Buscar alternativas sustentáveis, éticas e humanitárias de aliar produtividade com respeito aos animais é uma constante na cadeia suinícola mundial, principalmente quando se trata de sistemas de criação de matrizes suínas. Oferecer um ambiente confortável, com instalações adequadas, livre de fatores que possam gerar desconforto ou estresse, permite que as fêmeas exerçam comportamentos próprios da espécie, convivam em harmonia e expressem todo seu potencial reprodutivo.

Por muito tempo, o atual sistema de alojamento de matrizes em jaulas gestacionais foi apontado e defendido por especialistas do setor como o mais adequado, muito em razão do controle da supervisão técnica, manejo diário de alimentação, controle do escore corporal, índices zootécnicos e ausência de brigas.

Diretora técnica da Associação Brasileira de Criadores de Suínos, Charli Ludtke: “Compreender e proporcionar todas as necessidades das matrizes suínas é fundamental para que elas tenham qualidade de vida” – Foto: Jaqueline Galvão/OP Rural

Entretanto, com o desenvolvimento de novas tecnologias esse modelo começou a ser revisado devido aos efeitos causados à integridade física e psicológica dos animais, dada a restrição do espaço que as matrizes ficam, muitas vezes em gaiolas inadequadas ao seu tamanho. “Compreender e proporcionar todas as necessidades das matrizes suínas é fundamental para que elas tenham qualidade de vida. Quando oferecido conforto térmico, mental e fisiológico, as matrizes suínas conseguem expressar seu máximo desempenho zootécnico”, afirma a médica-veterinária e diretora técnica da Associação Brasileira de Criadores de Suínos (ABCS), Charli Ludtke. Ela foi uma das palestrantes do Seminário sobre sistemas de alojamento de matrizes suínas durante a 6ª edição do Congresso e Central de Negócios Brasil Sul de Avicultura, Suinocultura e Laticínios (Avisulat), que aconteceu entre os dias 28 e 30 de novembro, em Porto Alegre, RS.

Atualmente o modelo indicado para novos projetos de alojamento de fêmeas suínas é em sistema de gestação em grupos, que já demonstra uma melhora da eficiência reprodutiva e da longevidade das matrizes, mostrando que animais em equilíbrio com seu meio podem ser mais produtivos do que quando alojados em sistemas de gaiolas, destaca a profissional. “É essencial que o produtor desenvolva monitorias de rotina, que contemplem a saúde dos animais, as instalações e os protocolos de gestão, condições de bem-estar animal e identificação de pontos fracos e fortes dentro do sistema de produção. É preciso reforçar medidas de biossegurança, uso responsável de antimicrobianos e melhorias das boas práticas de manejo rotineiramente”, reforça Charli, que é mestra em Ciências dos Alimentos e doutora em Inspeção de Produtos de Origem Animal.

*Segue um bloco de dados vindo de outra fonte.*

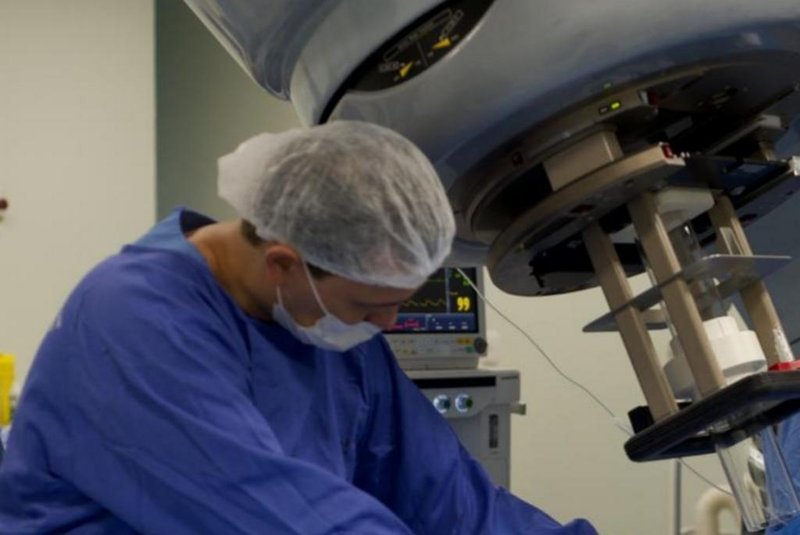 Nova técnica de radioterapia no combate ao câncer de mama é realizada em Bento Gonçalves. Paciente de 49 anos passou pelo procedimento no último sábado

Como implementar medidas de bem-estar na granja

Para adotar medidas de bem-estar animal na granja é preciso considerar os princípios da boa alimentação, que envolvem água e ração à vontade, boas instalações, com local de descanso, facilidade de movimento e conforto térmico, boa saúde, com ausência de doenças, lesões e dor causada pelo manejo, evitar situações de estresse e também a possibilidade do suíno expressar um comportamento adequado. “A adoção de práticas que promovam o bem-estar na criação determina os ganhos de produtividade em todas as fases de produção”, ressalta Charli.

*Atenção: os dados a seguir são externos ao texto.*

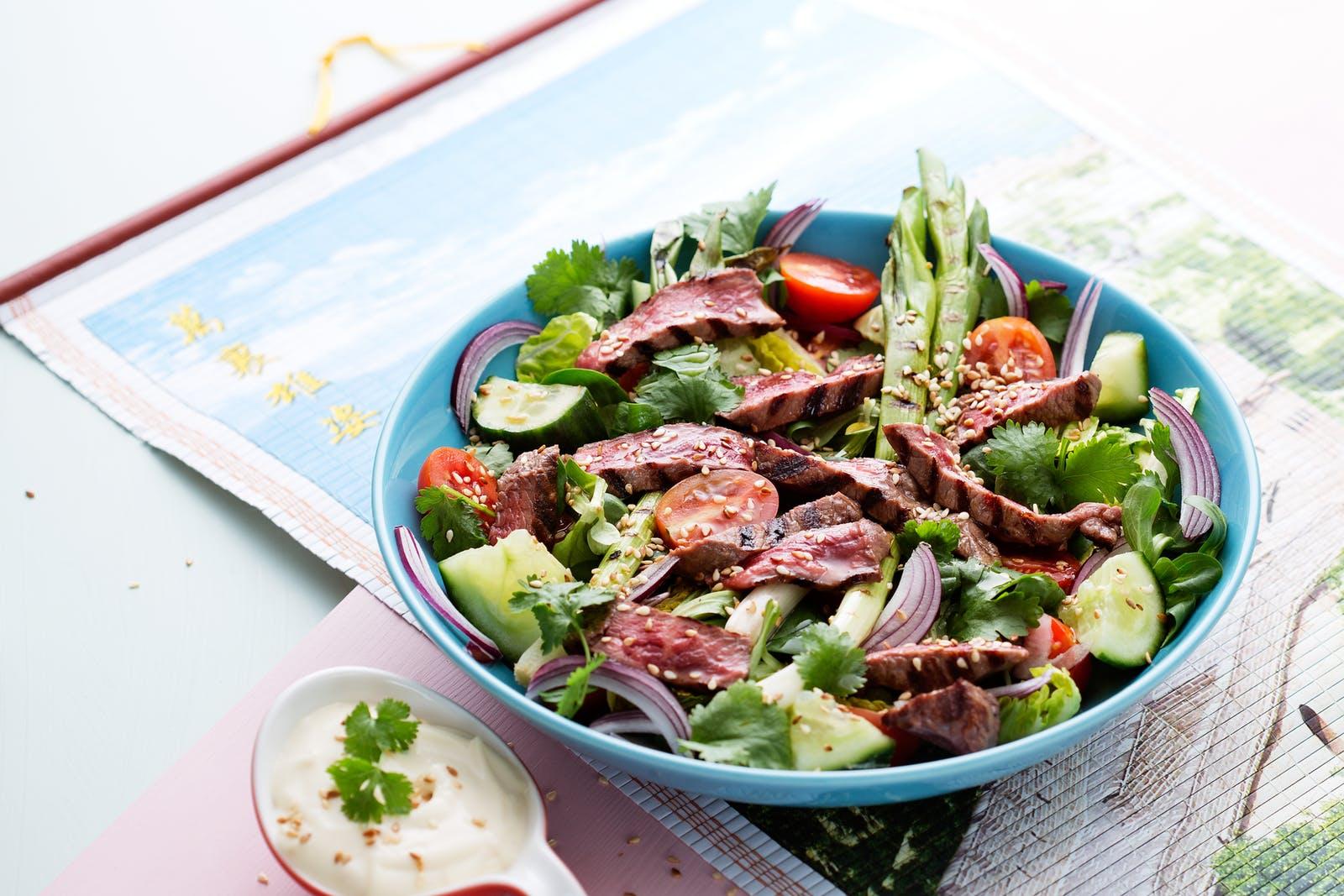 Salad bò kiểu Thái chua cay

O Conselho de Bem-estar de Animais de Fazenda definiu há mais de quatro décadas os princípios que hoje norteiam as boas práticas de bem-estar animal e a legislação relativa ao assunto. É como uma espécie de declaração dos direitos dos animais, que ficaram conhecidos como as cinco liberdades: estar livre de fome e sede, estar livre de desconforto, estar livre de dor doença e injúria, ter liberdade para expressar os comportamentos naturais da espécie e estar livre de medo e de estresse. “Essas premissas de bem-estar vão dizer ao produtor em uma auditoria o que ele precisa fazer na granja para garantir que todos os animais tenham acesso a água e alimento adequados para manter sua saúde e vigor, se o ambiente é adequado para os animais, com condições de abrigo e descanso, como está o comportamento das fêmeas, se estão sendo adotadas medidas que visam garantir prevenção, rápido diagnóstico e tratamento adequado aos animais”, pontua Charli.

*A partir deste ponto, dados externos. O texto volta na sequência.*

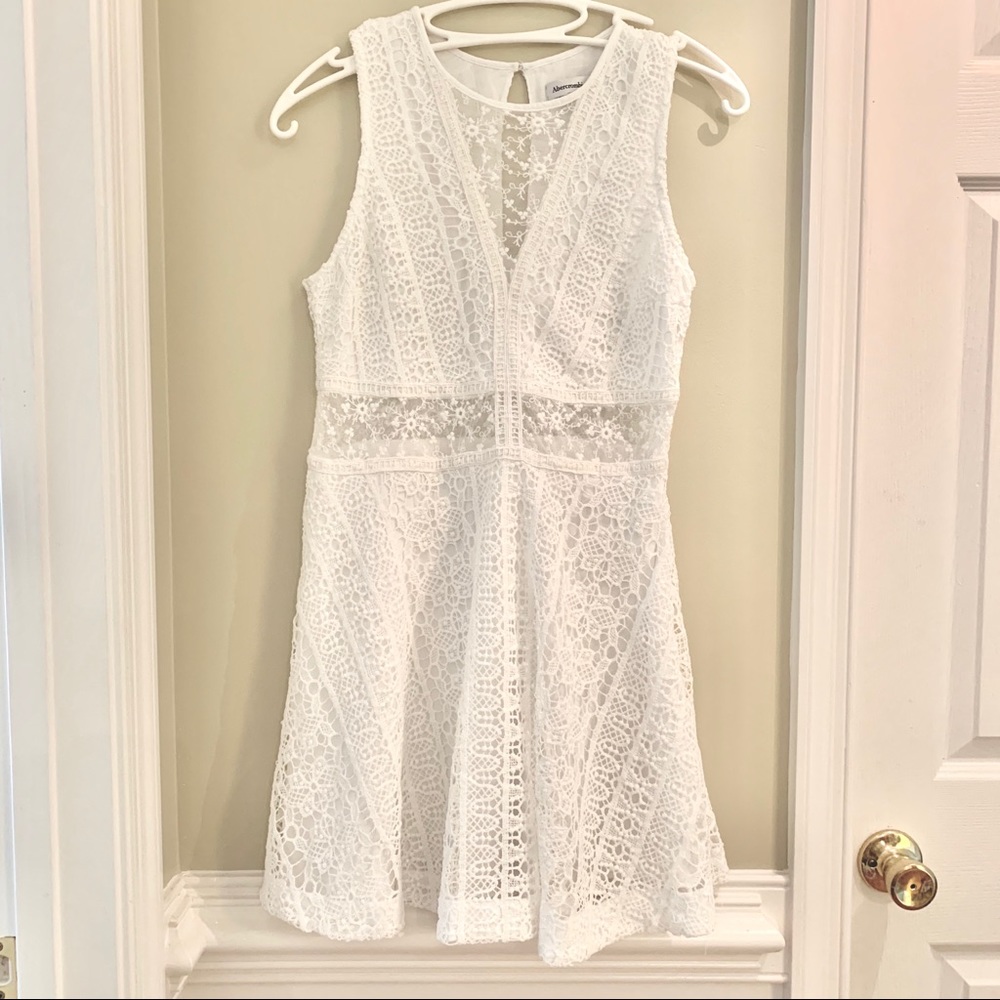 Abercrombie & Fitch White Lacey Dress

O primeiro conjunto de regras relacionadas ao bem-estar animal, e que devem ser seguidas pela cadeia produtiva suinícola nacional, foram estabelecidas a partir da Instrução Normativa nº 113 do Ministério da Agricultura e Pecuária (Mapa), publicada em 16 de dezembro de 2020. O documento traz ao longo de 54 artigos desde como devem ser as instalações até práticas de manejos nas granjas. As orientações estão alinhadas às diretrizes da Organização Mundial da Saúde Animal (OMSA) para a produção de suínos, o que dá respaldo maior às exportações do setor.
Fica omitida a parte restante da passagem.